In short - this feature should not be causing navigation problems, it's there so that either version of incoming link still work.

If you want to disable that, then in the settings under "Import and Content Analysis Options" you can remove that filename from the "Default Document" settings. Then index.htm will no longer be treated as special files, and will no longer be the 'index' page content for links to the short path.
However, removing that feature may weaken a few of the other heuristics that are built around assuming that there will be a default document for every folder. If you stop treating index files as special cases, the menu builder will start listing them like normal files, and that is not what I'd usually want.

As a work-around, you could instead *not* disable the default document while importing and building menus, but instead try manually deleting the short version of the url alias directly from the URL alias admin table *after* importing.
That will remove support for short names, and leave only the long name in the url table. And the long name will be left as the URL for that page.

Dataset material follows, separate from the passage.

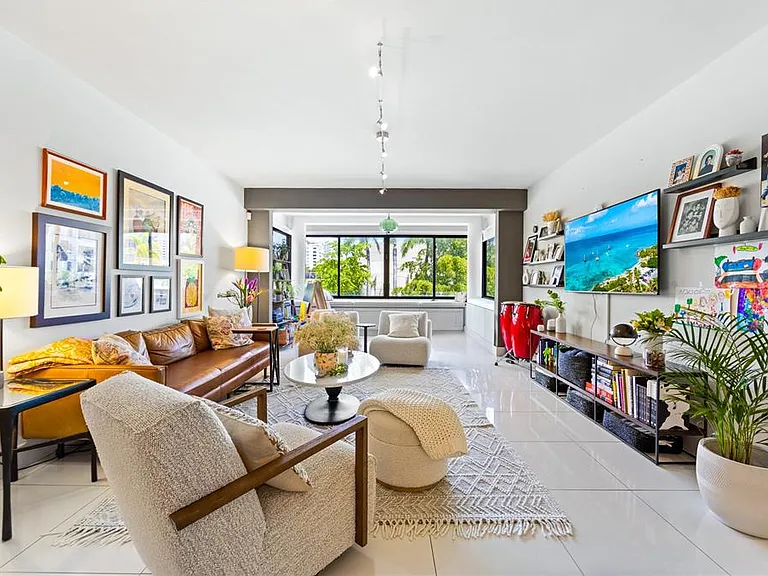 1504 Avenue Ashford Cond Sea Vw #2C — Photo 6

With a little code work, you could probably patch import_html/modules/core.inc:path_import_html_after_save() to behave differently than it does, but the normal intent of an html import is to clean up legacy links like this, so it's not an option that will be exposed or supported.

dman’s picture

Status: Active » Closed (works as designed)
teschek’s picture

Status: Closed (works as designed) » Active

I'm following up with this after a long hiatus where I haven't had time to work on it. I still can't get the import to stop dropping 'index.htm' from the end of link paths in existing html pages. For example, on import a link that has something like "/folder/folder/folder/index.htm" will come out after import as reading "/folder/folder/folder". On the other hand, if the link just reads "index.htm" it will retain that. Many of our links have just the simple index.htm because the index page being referenced is in the same folder, but when we are trying to reference an index.htm page in another folder we have to include a path and in that case it strips "index.htm" off. I just want it to stop this stripping behavior. Is there a way to do this? I read your previous comment but if you answered my question there I'm not understanding you.

teschek’s picture

Still waiting for an answer on this one... Thanks.